Scientists are currently finding more non-viral based approaches to gene therapy in order to minimize risks for patients as much as possible. In some patients, even though the virus has been altered to not cause disease, it can still trigger a severe immune reaction. Additionally, a phenomenon called insertional mutagenesis can occur with viral vectors: the addition of DNA can sometimes interfere with the tumor suppressor gene, which leads to cancer. Re-dosing currently poses an issue as well. Many people naturally have neutralizing antibodies (NAbs) against viruses like AAV, which makes it difficult to treat those patients. Patients who have previously been treated with AAV consequently have immunity against the AAV which raises challenges of giving those patients additional doses of the therapeutic due to the likelihood of immune responses. 

Nanoparticles and other non-viral vectors are much less likely to trigger immune responses. Historically, they have been less effective than their viral counterparts, but progress is currently being made on that end. One risk of using non-biodegradable vectors is that the accumulation of the material in the cells over time could eventually cause cytotoxicity. Overall, though, they still carry a lower risk of immunogenicity. Plasmid DNA can be utilized in gene therapy as well. A plasmid is a circular piece of DNA most commonly found in bacteria. The limitation of this method, however, is that it has very low efficiency due to the fact that it has trouble passing through membranes within cells.

As briefly discussed above, there is also the issue of packaging when it comes to larger genes. The dystrophin gene, for example, is one of the largest known human genes. Mutations in this gene are what cause Duchenne muscular dystrophy (and Becker’s muscular dystrophy). Due to the large size of the gene, the methods of delivering a full-length gene are not practical, so new approaches like CRISPR are being used to tackle this problem with the goal of restoring full-length dystrophin. Currently, clinical trials are underway which utilize a mini dystrophin.

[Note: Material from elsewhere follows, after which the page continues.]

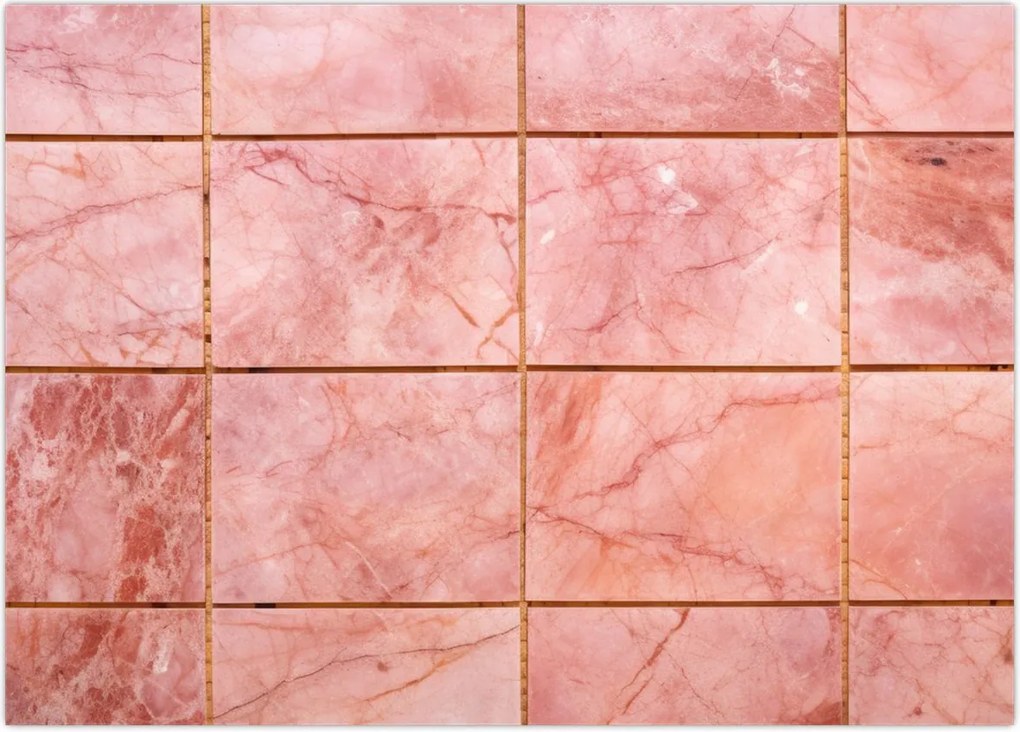 Tablou - Roz, gresie marmorată (70x50 cm)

Managing the risks associated with gene therapy

Researchers work tirelessly to make sure that any approved gene therapies are as safe as possible. In the United States, the FDA is responsible for regulating gene therapies, and it is able to suspend any clinical trials it believes may be unsafe for patients. The National Institutes of Health, or NIH, also guides researchers in developing gene therapy-based clinical trials.

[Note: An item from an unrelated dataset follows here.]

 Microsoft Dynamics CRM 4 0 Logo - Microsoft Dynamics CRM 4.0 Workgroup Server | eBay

Successes with gene therapy

The first FDA-approved gene therapy is called Luxturna. It is for people with a retinal disease caused by mutations in both copies of the RPE65 gene. Having this mutation can lead to total blindness. The therapeutic is administered via an injection below the retinas. Zolgensma is the second viral-based therapeutic to be approved in the United States. It treats spinal muscular atrophy (SMA), a progressive muscle-wasting disease caused by a mutation in the SMN1 gene.

There have been trials that utilize CRISPR technology to treat genetic disorders. Last year, Vertex partnered with CRISPR Therapeutics to help develop CTX001. This therapy treats sickle cell disease by replacing the sickled hemoglobin and it treats β thalassemia by replacing the missing hemoglobin. CRISPR-Cas9 can cut DNA on chromosome 2 and allow stem cells to produce fetal hemoglobin. Editas Medicine also received approval for EDIT-301, which treats sickle cell disease.

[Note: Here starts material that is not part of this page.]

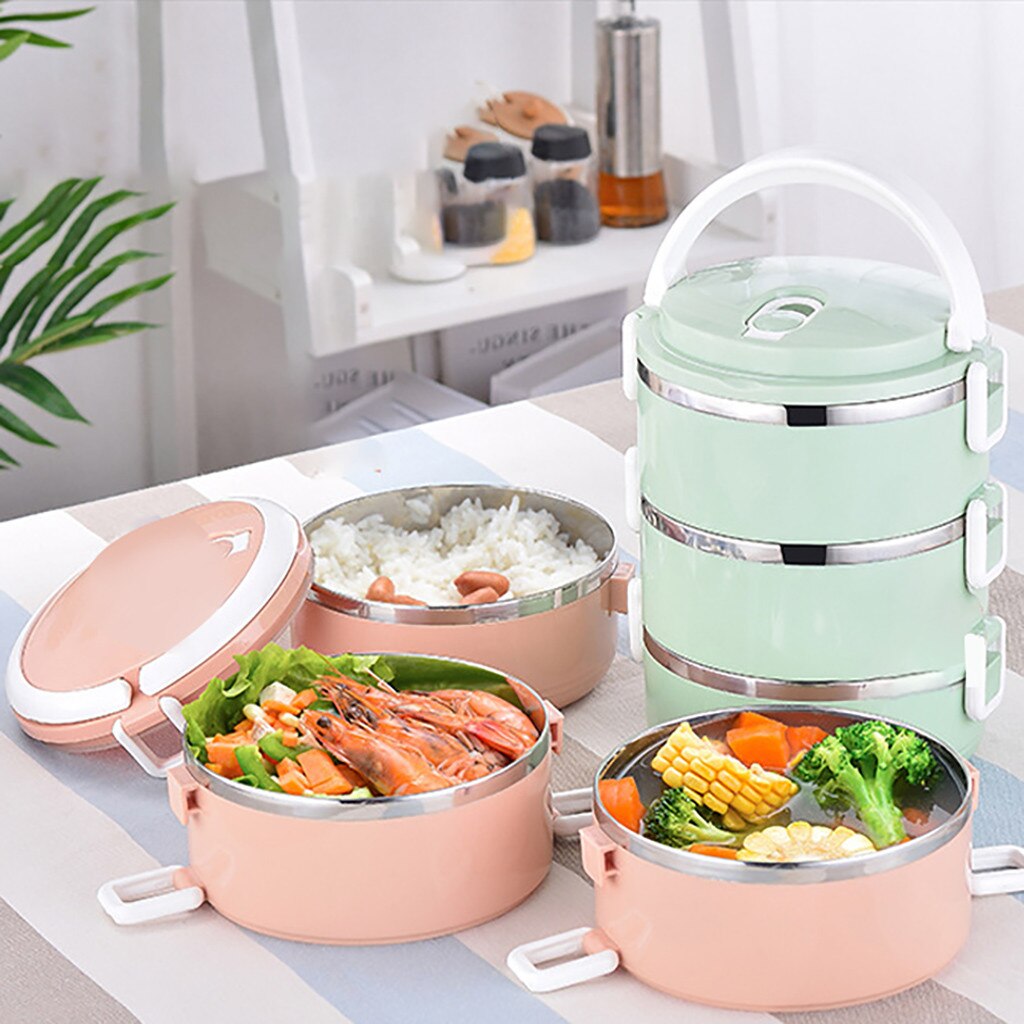 Stainless Steel Japanese Lunch Box Sealed Insulated Food Containers Organizer Kids Student Lunch Heated Meal Portable LunchBox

The future of gene therapy

Gene therapy appears to be the key to treating and finding cures to genetic disorders. As scientists continue to work to improve safety and efficacy for these therapeutics, we will hopefully develop treatments in the near future. This is especially encouraging news for people with rare and ultra-rare diseases that have no cures. Cure Rare Disease, in collaboration with many different institutions, is researching a variety of rare diseases with the goal of making life-saving treatments available to patients. A major hurdle that remains to be overcome, now, is cost. Luxturna, for instance, costs $850,000 and Zolgensma costs $2.1 million. Because of the rarity of these diseases, they are not profitable for large pharmaceutical companies. The question remains of how people with rare genetic diseases that aren’t commercializable will obtain access to these extremely expensive treatments.